Vegan and LGBT police groups among 200 ‘distracting officers from fighting crime’, says Priti Patel

Get real time updates directly on you device, subscribe now.

Vegan and pagan police groups are among more than 200 “staff networks” criticised for “distracting” officers from fighting crime in a report backed by Priti Patel.

The former home secretary said some of the so-called staff networks had blurred the lines between politics and policing as they campaigned on issues from veganism and climate change to Islamophobia and trans rights.

The report by the think tank Policy Exchange, which is close to the Government, found the staff networks had “strayed well beyond the acceptable bounds of political impartiality required of those in policing.”

They included examples of groups which had criticised the police’s use of the term “Islamist” for Muslim extremists, linked up with an organisation that has called for the abolition of the Government’s counter-terrorism Prevent programme and attacked trans critics like JK Rowling.

In a foreword to the report, Ms Patel said it was “deeply concerning” that at a time when police chiefs complained of “strained resources,” many of the staff networks were engaging in “an unhealthy internal competition for attention and resources rather than pursuing a relentless focus on serving the public.”

“Some of policing’s staff networks have blurred the lines between politics and policing. It is critical to our democratic settlement that police officers and staff stick to operational policing while politics is left to democratically elected politicians,” she said.

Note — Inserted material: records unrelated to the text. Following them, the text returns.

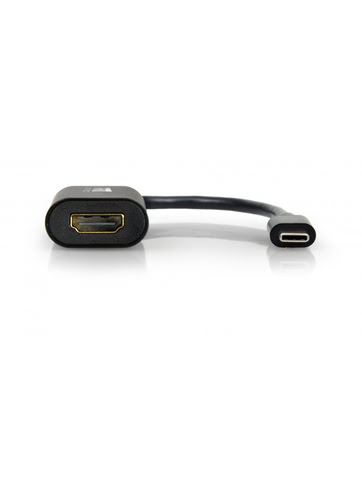 Convertisseur USB Type C vers HDMI - Connectique PC - grosbill-pro.com - 1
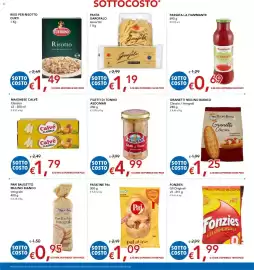 Volantino Migross Supermercati e Market Pagina 4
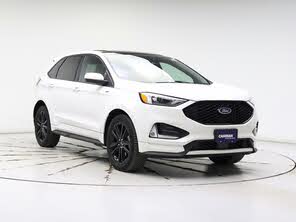 Ford Edge ST Line AWD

“This report clearly demonstrates that too often policing’s staff networks are crossing that line and failing to maintain the appropriate boundaries of impartiality that are so critically important. This cannot be good for policing, it cannot be good for the public and it cannot be good for our democratic settlement.”

The report found staff networks had grown by more than 83 per cent since 2010 including the Vegan Network at Cleveland Police, slated in 2022 as the country’s worst performing force, West Yorkshire Police’s Green Network set up “primarily to lobby” on policy and the National Police Pagan Association.

Policy Exchange said the groups might have a “positive contribution” to make with some centred around nationality, religion including humanists and background such as Gypsy Roma but warned they risked being “a significant distraction from policing’s core mission” of keeping the public safe.

The think tank said this was particularly the case where the groups attempted to influence policy or the Government, citing the National Association of Muslim Police (NAMP) and the National LGBT+ Police Network.

The NAMP had urged the Home Office to ditch terms such as Islamist or Jihadist, as it claimed these increased levels of Islamophobia, risked greater radicalisation and lowered trust and confidence. It suggested alternatives such as “anti-Western extremism.”

“It is difficult to conceive of a more political approach for a police staff network to take than to wade into the traditional left-right divide of British politics,” said the report by former Met police officers David Spencer and Chris Donaldson and Dr Paul Stott.

They said NAMP had also chosen to work with another group, Muslim Engagement and Development (MEND), which had campaigned against the Government’s Prevent programme. “These partnerships are surely, at best, a deeply unwise approach for an organisation from policing to be undertaking,” they added. 

The report cited the National LGBT+ Network for urging police officers to be permitted to march at Pride, despite the event’s political nature, and providing a platform for political campaigning by groups like Stonewall and an article criticising JK Rowling for fuelling “vitriol” against trans people.

“The Network’s practice of straying into political activity or inappropriate commentary cannot be permitted given the vital importance of the police service remaining impartial,” said the think tank. 

Policy Exchange set out seven recommendations to standardise the governance of the groups, place an onus on them to focus on “improving the effectiveness of policing on behalf of the wider public”, and limit the amount of police duty time devoted to them.

A spokesman for the National LGBT+ police network said: “We have conducted no political campaigns. Members up and down the country provide core policing services first and foremost. Secondary and in the main voluntary to this is the support to staff around welfare, wellbeing issues.”

The NAMP has been contacted for comment.